Activity
The required output is a verbatim transcription of the listing, pictures excluded.

Dataset excerpt
:::::
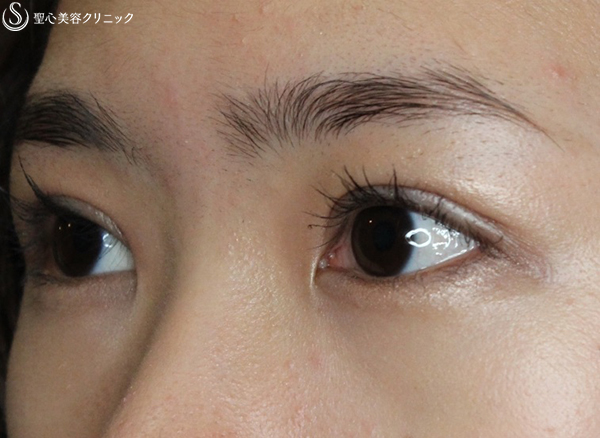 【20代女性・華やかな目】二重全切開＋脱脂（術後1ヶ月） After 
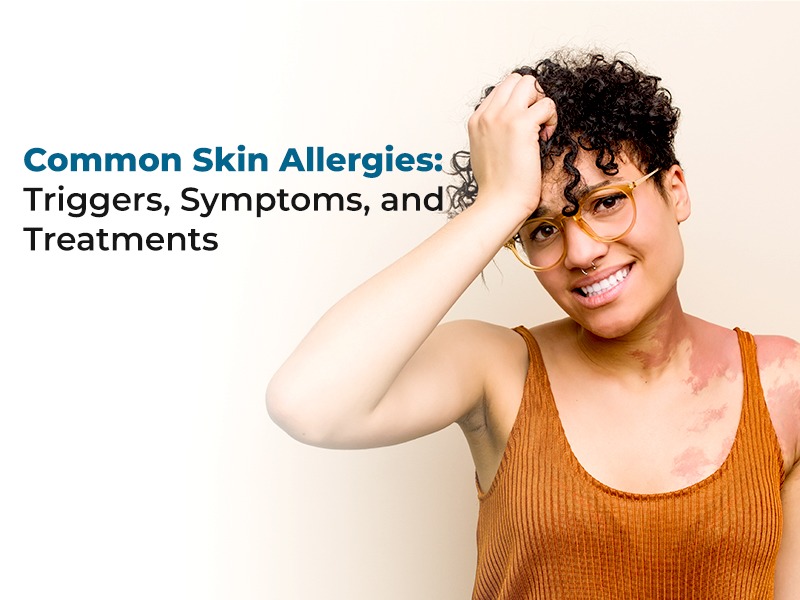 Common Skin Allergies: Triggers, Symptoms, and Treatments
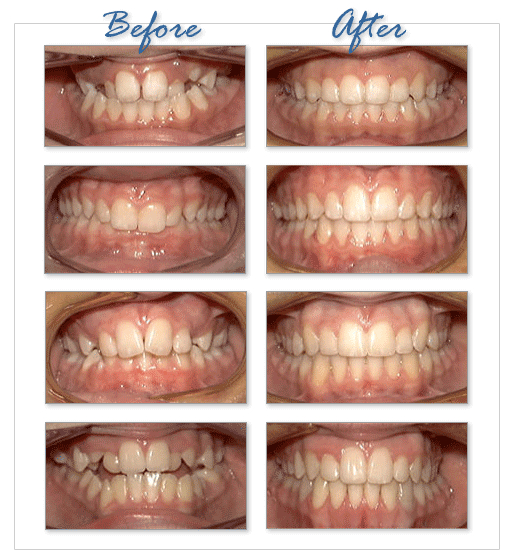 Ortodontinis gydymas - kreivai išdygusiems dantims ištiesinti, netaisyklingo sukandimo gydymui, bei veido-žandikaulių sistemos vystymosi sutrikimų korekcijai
:::::
Answer section
 【20代女性・華やかな目】二重全切開＋脱脂（術後1ヶ月） After 
 Common Skin Allergies: Triggers, Symptoms, and Treatments
 Ortodontinis gydymas - kreivai išdygusiems dantims ištiesinti, netaisyklingo sukandimo gydymui, bei veido-žandikaulių sistemos vystymosi sutrikimų korekcijai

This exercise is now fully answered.